Mari kita lihat dengan mata kita yang terbuka lebar. Begini ya, ada kata-kata bijak yang berkata bahwa bicara itu tak semudah bacotnya seorang motivator. Sama juga, melakukan sesuatu itu tak seindah dan segampang bacotnya politikus. Ini realitas.
Mencetuskan ide atau menggelontorkan ide itu siapa saja bisa loh. Membuat pergub itu gampang sekali. Membuat rancangan pembangunan kota itu tak sulit-sulit amat. Yang berat justru adalah untuk memulainya. Jangan sampai kita hanya jadi gubernur pencetus ide, konseptor tetapi tidak pernah bisa menjadi eksekutor. Jangan hanya sebatas menjadi gubernur pemikir tetapi jadilah gubernur pelaksana, artinya laksanakan apa yang sudah dikonsepkan, jangan hanya duduk diam tak ada aksi. Itu.

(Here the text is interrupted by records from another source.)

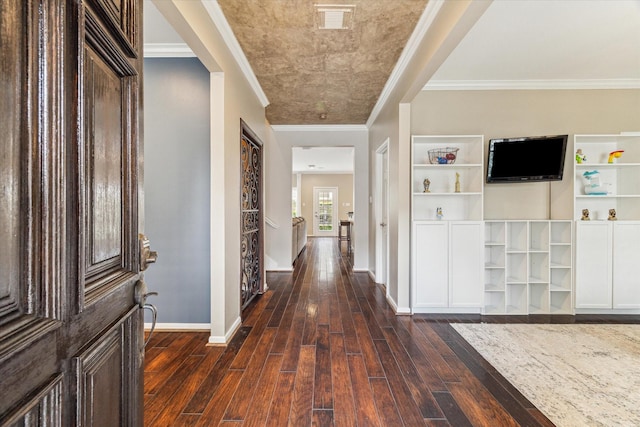 1440 Waseca St, Houston, TX 77055 - entrance foyer with dark wood-type flooring and crown molding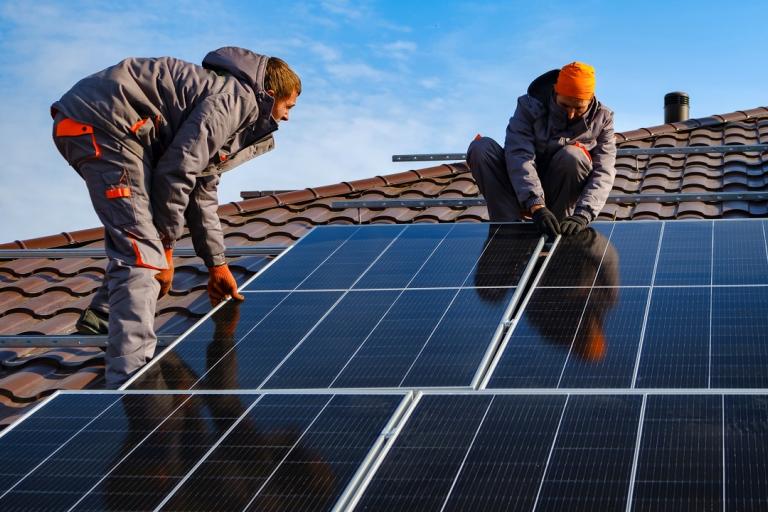 Two men working to fit some solar panels to a roof.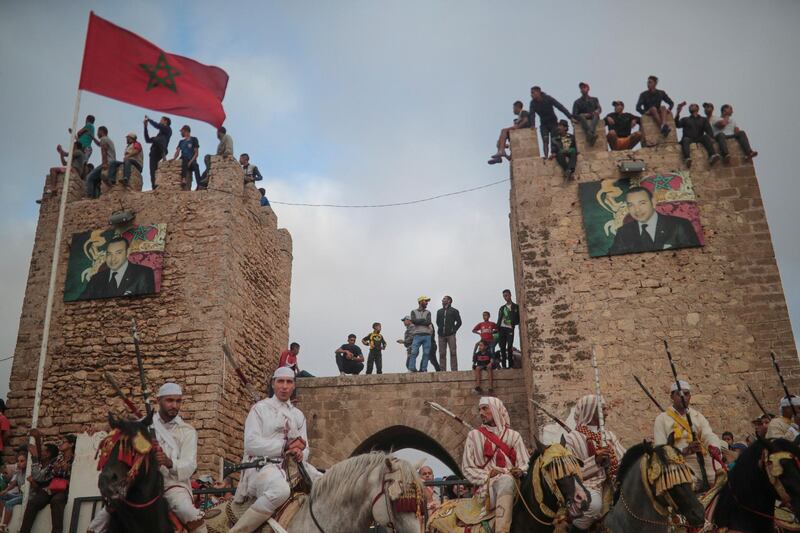 Thousands of visitors descend on the Moroccan coastal city of El Jadida each July to attend the largest equestrian show in the kingdom _ a breathtaking horseback performance that combines synchronised riding with decorative guns. The competitive event is known as Tabourida, or La'ab Al-Baroud, "The Game of Powder."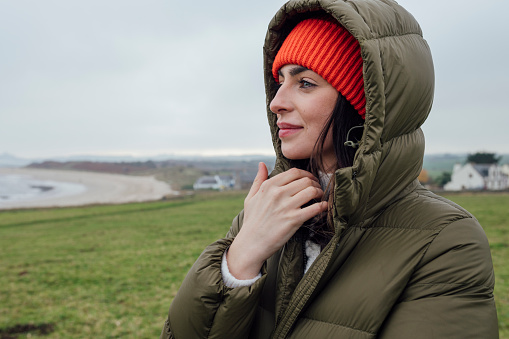 A medium close up of a young woman who is wrapped up nice and cosy in her padded jacker. She is enjoying a coastal visit to Newton by the Sea in the North East of England with her partner and their dog.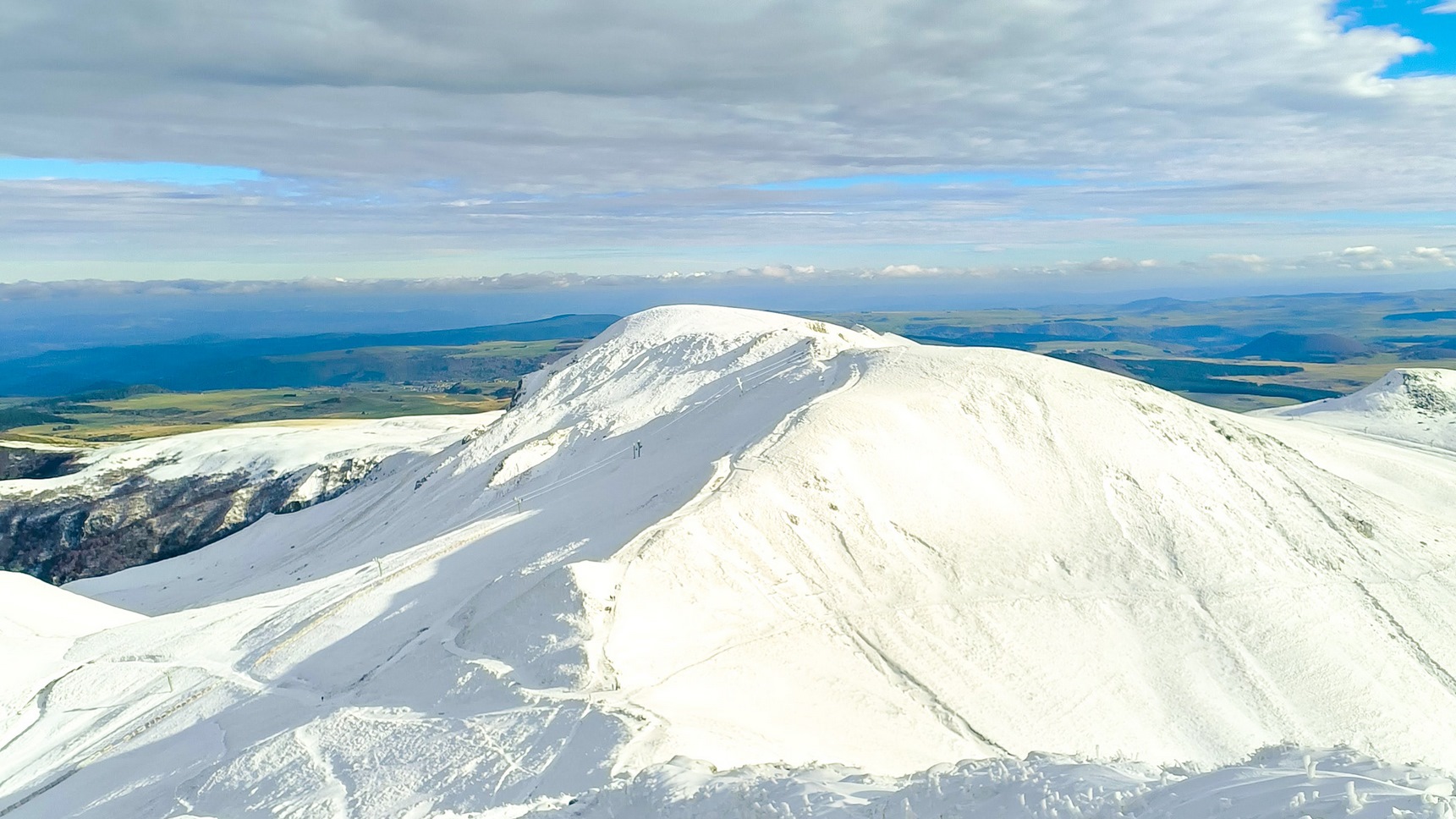 Sancy Massif: Le Puy Ferrand under a veil of snow in November.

Kalau hanya sampai di brilian dalam berwacana saja, tetapi tidak pernah ada niat tulus mengeksekusinya, tidak berani mengambil resiko untuk memulainya, tidak punya nyali melawan para begundal-begundal DKI penghambat pelaksanaan pembangunan, ya mending nggak usah berkomentarlah.
Apalagi umpamanya, sudah merancang sebuah proyek yang hebat-hebat, indah-indah tapi tak pernah memulainya entah oleh karena hal apa, ya susah juga. Ini sama saja dengan asbun semata alias asal bunyi doang jadinya. Tekad dan keberanian sangat dibutuhkan.
Apa yang Dilakukan Ahok?
Mengeksekusi apa yang sudah dicetuskan para pendahulu, itu sudah jelas. Membumikan apa yang hanya ada dalam angan para pendahulu. Membuat nyata apa yang sudah ada di atas kertas berpuluh-puluh tahun lamanya.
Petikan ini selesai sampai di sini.